I recently set-up a home security and surveillance system with cameras installed in strategic locations along the exterior of my home.  The installation process was laborious and time-consuming.  Simply trying to figure out the optimal location and viewing angle of each camera was challenging, to say the least.  Not an easy task, but the end result was quite gratifying.  I can “spy” on my home and remotely monitor activity from anywhere, anytime with my smart phone using machine-to-machine (M2M) technology.  M2M enables communication between connected devices via the internet, namely the camera sensors and my mobile device.  With a data recorder I can capture retroactive events and historical data or pictures, trigger automatic alerts when camera sensors detect a pre-defined threshold of movement (this gets tricky, especially on a windy day), and continuously monitor my home status.  Who knew this could be so much fun?

It can be quite entertaining owning a smart home, until the fun dramatically ends.  It’s like watching your favorite pre-recorded television series, and your DVR recording abruptly stops about 30 seconds before the season finale ends.  Ugh!  Well, one day I lost my network connection.  Case in point.  The video footage from the security cameras was no longer accessible and my daily fixation became unattainable and unimaginable as I stared at an empty black mobile screen.  How could this be?  Just yesterday I could see every angle of my exterior home 24/7 and the next day nothing, absolutely nada.   The horror.  The disappointment.  The frustration.  The angst.  I was speechless.  That’s when reality set in, and I realized my “smart home” was becoming a smart addiction.

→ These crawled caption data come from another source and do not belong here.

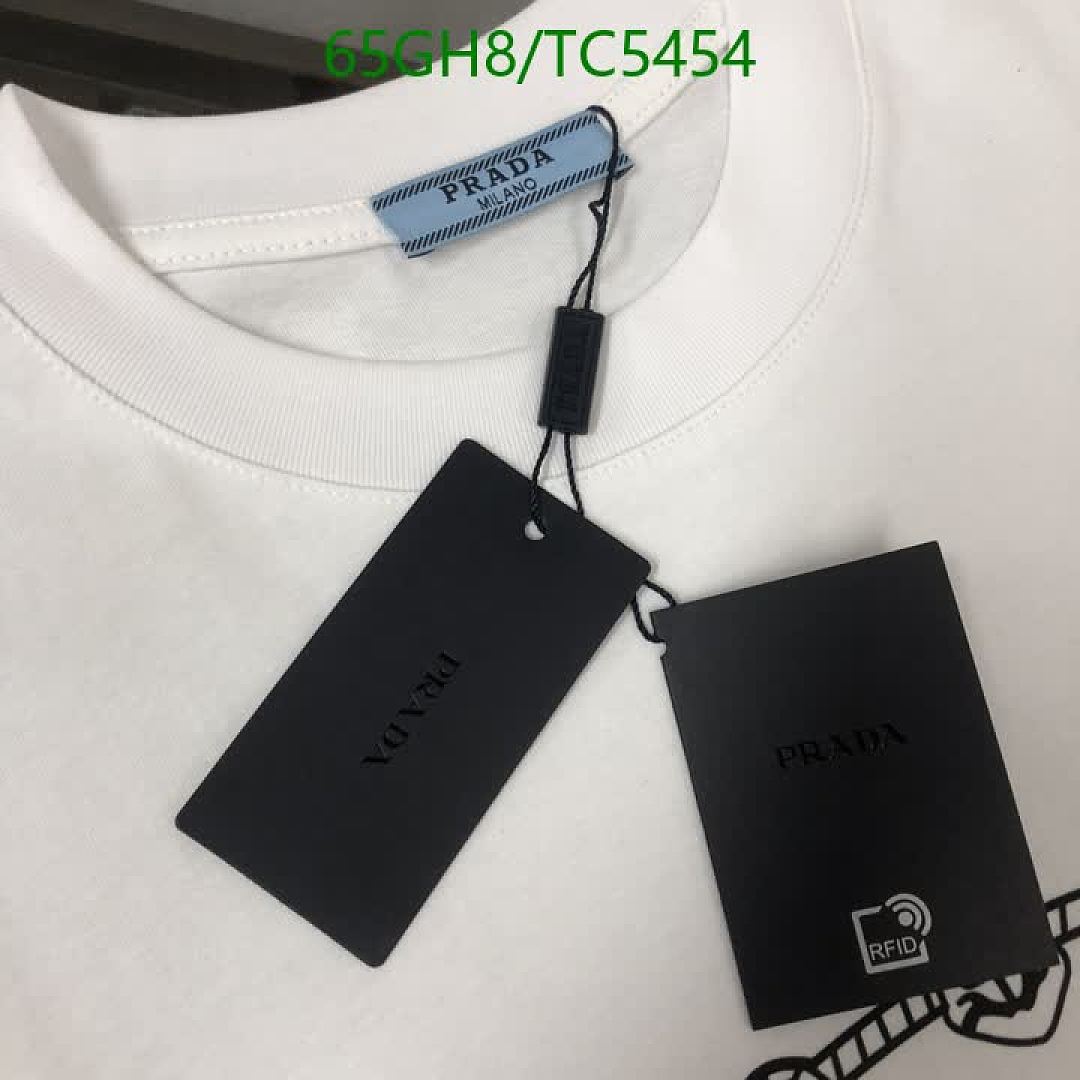 Prada-Clothing Code: TC5454 $: 65USD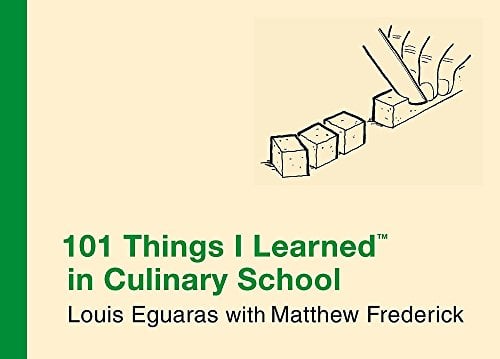 Book Cover 101 Things I Learned in Culinary School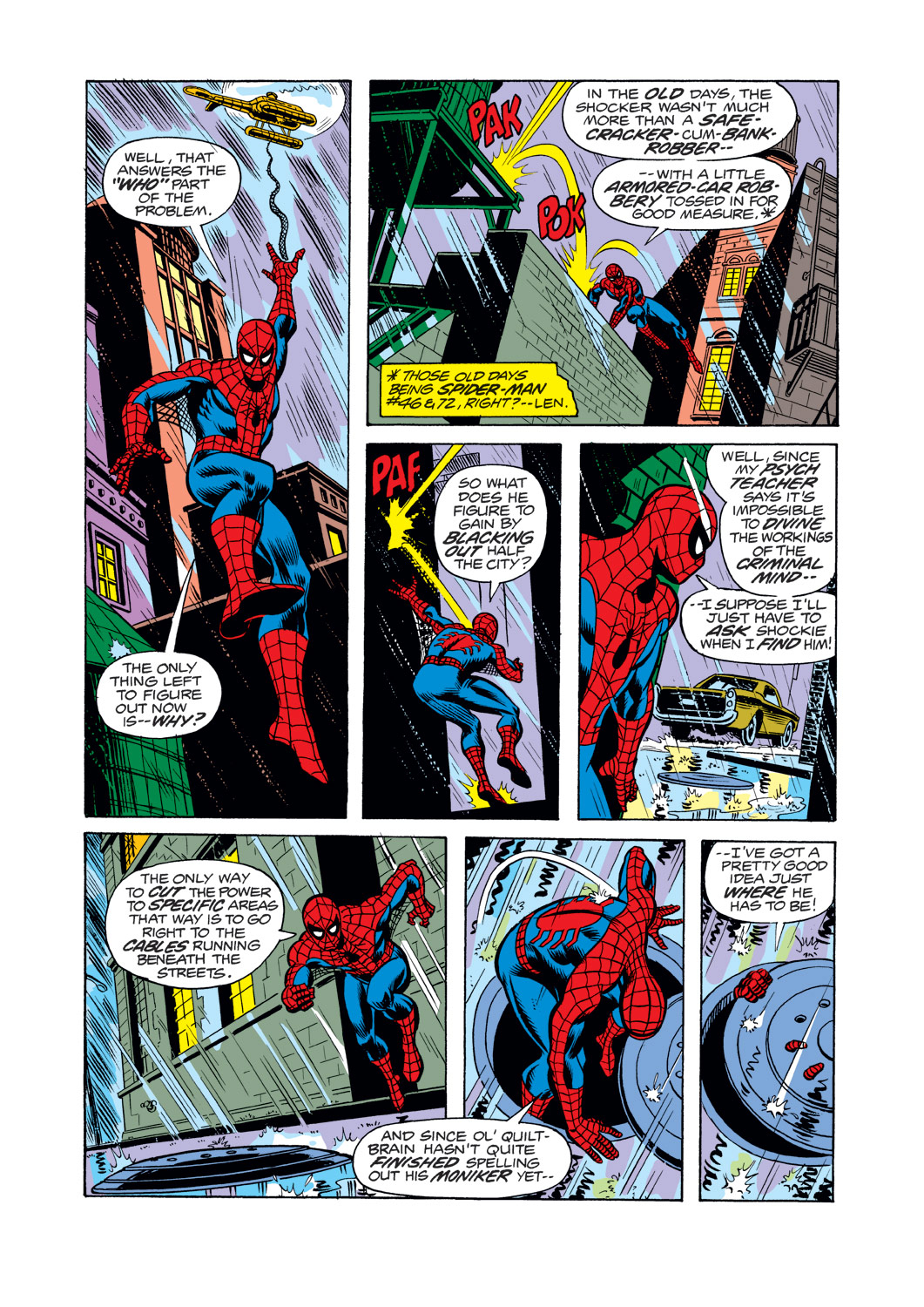 Read online The Amazing Spider-Man (1963) comic -  Issue #151 - 14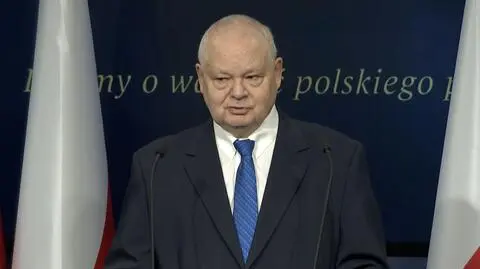 Prezes NBP Adam Glapiński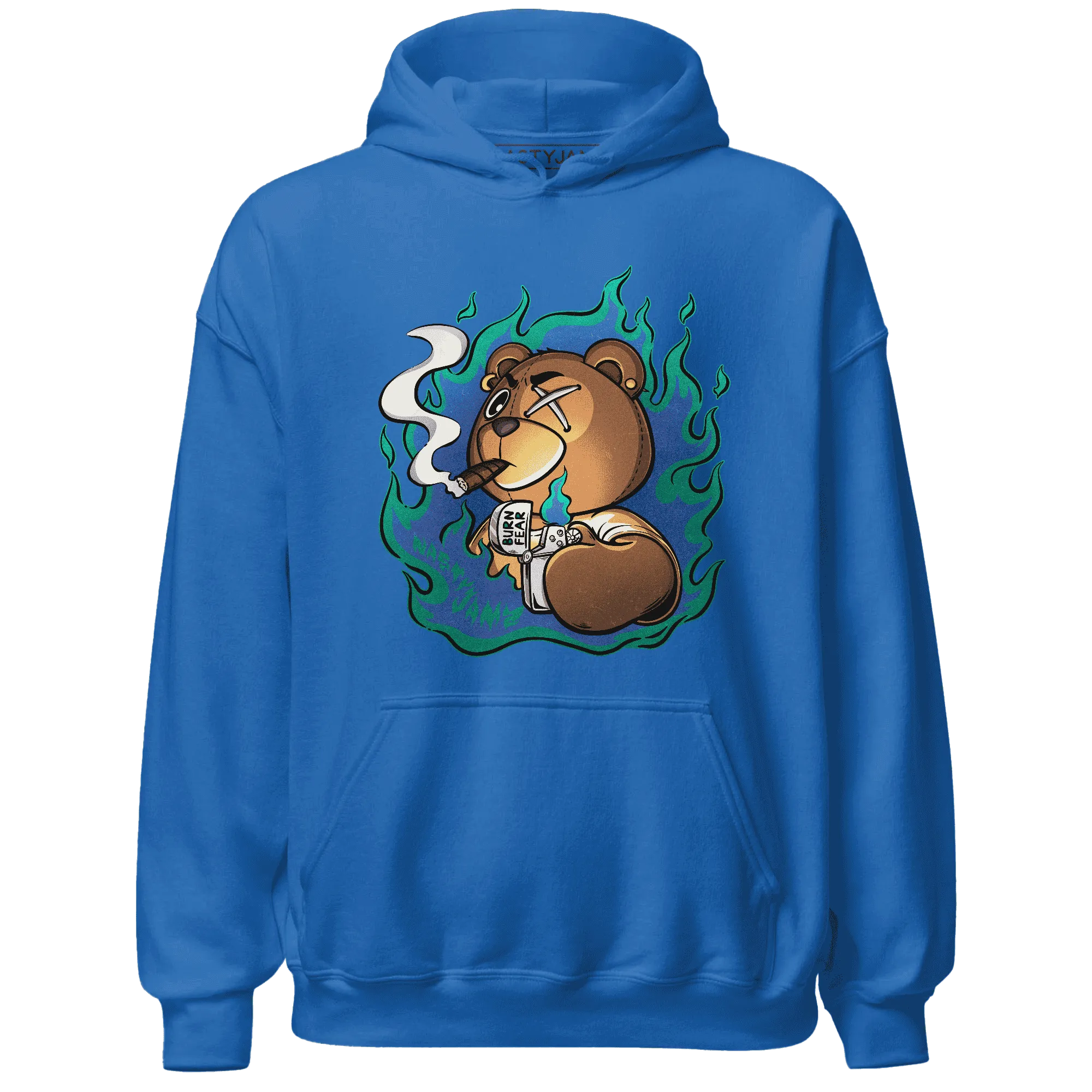 Dunk-Hyper-Royal-Malachite-NastyJamz-Hoodie-Match-BER-Burn-Fear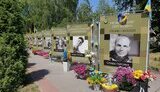 Алея загиблих Героїв в Олександрії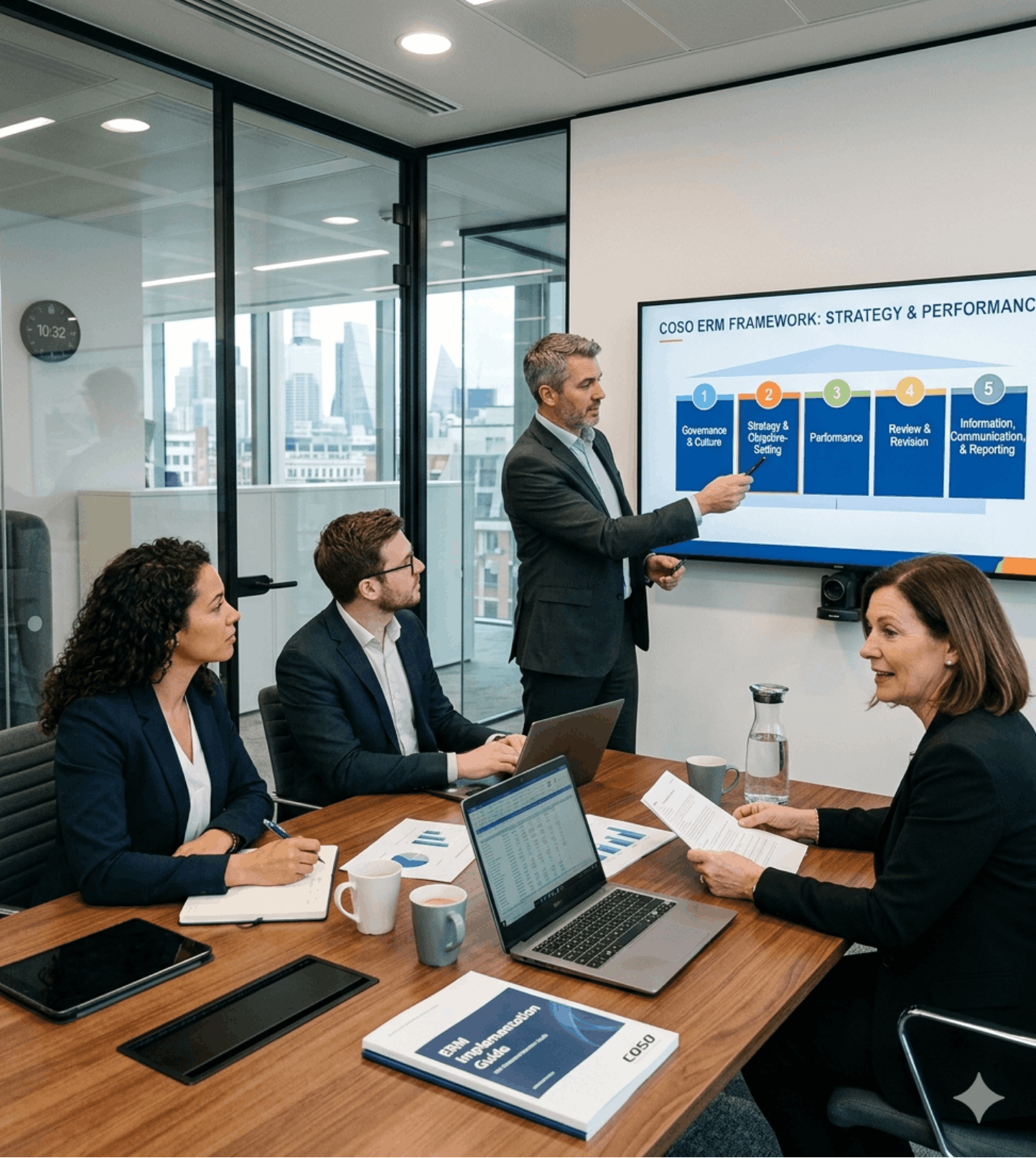 COSO ERM Framework In Practice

My smart home finally redeemed itself (what a relief), once my network connection was restored.  My experience as a smart homeowner has, however, evoked a number of provocative questions.  Does owning a smart home actually minimize stress and give us peace of mind?  Or, does smart home ownership increase obsessive-compulsive behavioral tendencies and proliferate the so-called technology obsession we all have with our smart phones and smart devices?  Such philosophical questions beg one to ask yet another relevant question.  Are we really controlling our connected things or are they controlling us?  Decidedly or not, the love-hate relationship begins.  Humor aside, connected things are on the rise, and the smart home epidemic is gaining traction.  Our smart homes, smart cars and smart cities will outsmart us one day, like it or not.

I now have a new edition to my smart home family.  Her name is Alexa.  Alexa is smart, polite, witty, entertaining and even sarcastic at times.  All good qualities for an artificially intelligent companion and smart home device.  Unfortunately, she doesn’t always follow directions or have the answers I need.  Of course, there are trade-offs with technological innovation, so I’m willing to compromise.  Time will tell, but Alexa is quickly becoming another asset (or habitual compulsion) in my smart home repository.

All connected things considered, I have come to love my smart home and to realize that a smart home is a happy home (most of the time).  If my smart home saves time, money and energy, while also providing comfort, security and entertainment, that makes me happy.  Finding balance is the key and with the right key you will open many doors, smart or otherwise.